> _Recorded data_:
>>

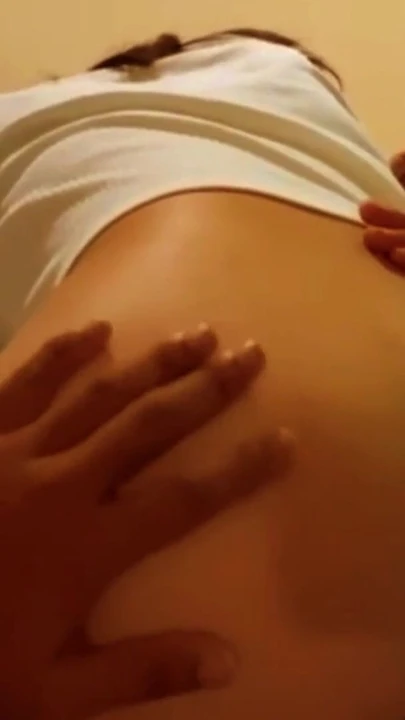Emlékezetes pillanat a "Khmer barátnő cumshotja, a szájába élvezi a farkam, jó érzést kelt"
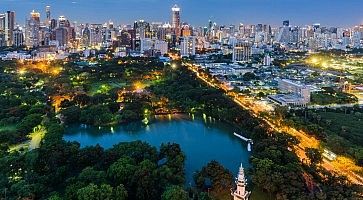 Vista dall'alto del Parco Lumpini, di notte.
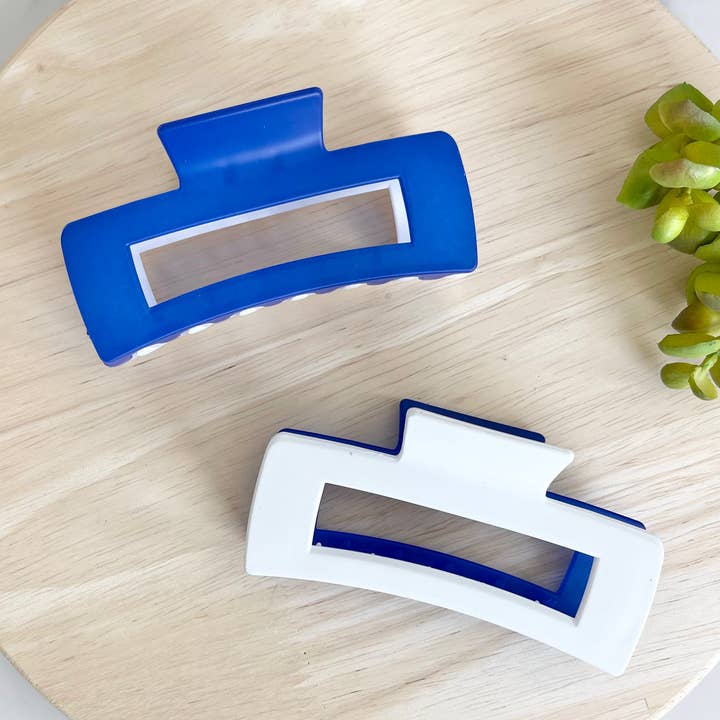 Pince à griffes bicolore - bleu royal et blanc pour la vente par MODish Design Co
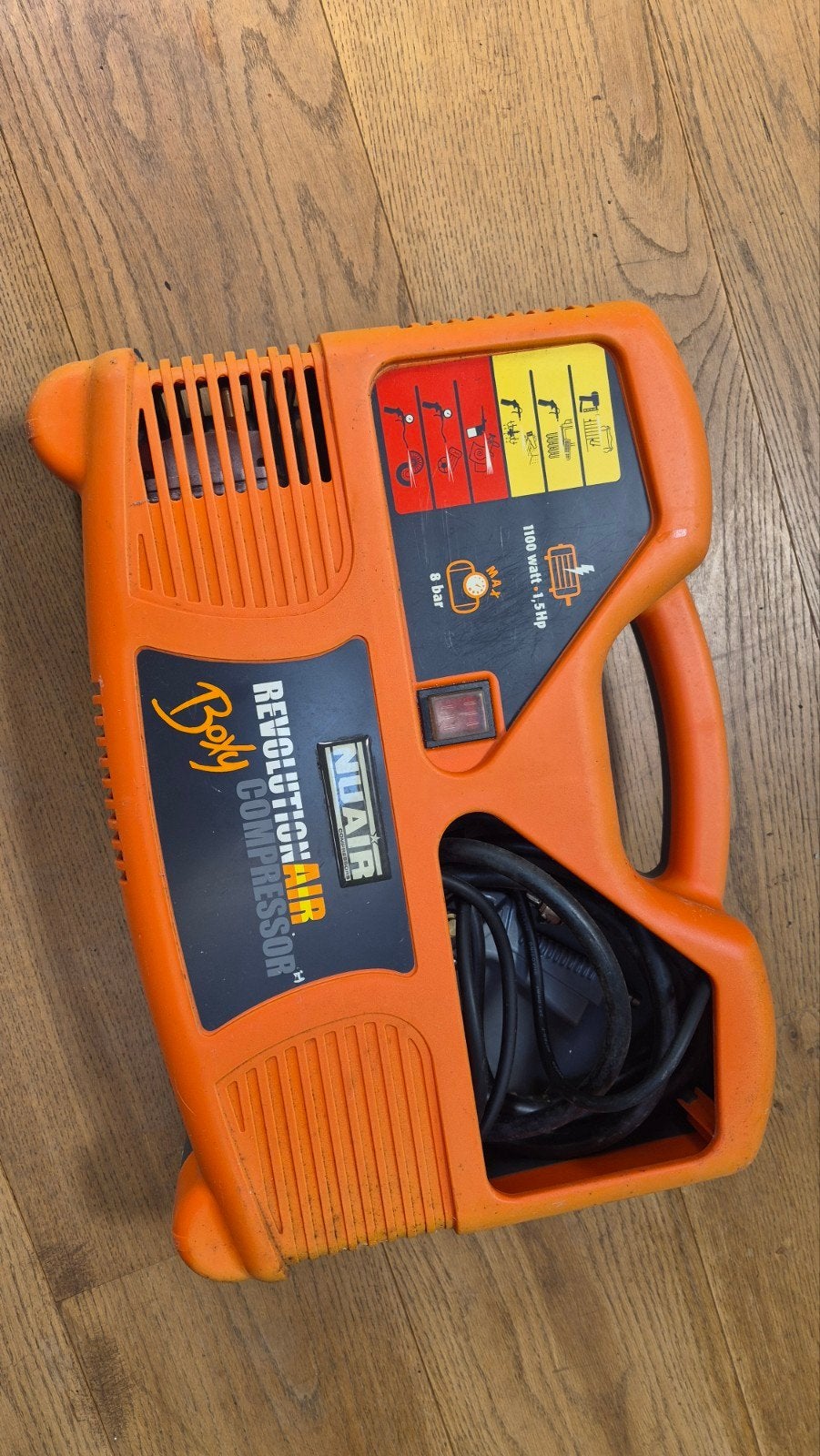 NUAIR RevolutionAir Bogy Compressor met accessoires, Doe-het-zelf en Verbouw, Compressors, Ophalen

<<

> _Task directions_:
A word-for-word copy of the material is required; pictures stay out of it.

> _Result of the exercise_:
Emlékezetes pillanat a "Khmer barátnő cumshotja, a szájába élvezi a farkam, jó érzést kelt"
 Vista dall'alto del Parco Lumpini, di notte.
 Pince à griffes bicolore - bleu royal et blanc pour la vente par MODish Design Co
 NUAIR RevolutionAir Bogy Compressor met accessoires, Doe-het-zelf en Verbouw, Compressors, Ophalen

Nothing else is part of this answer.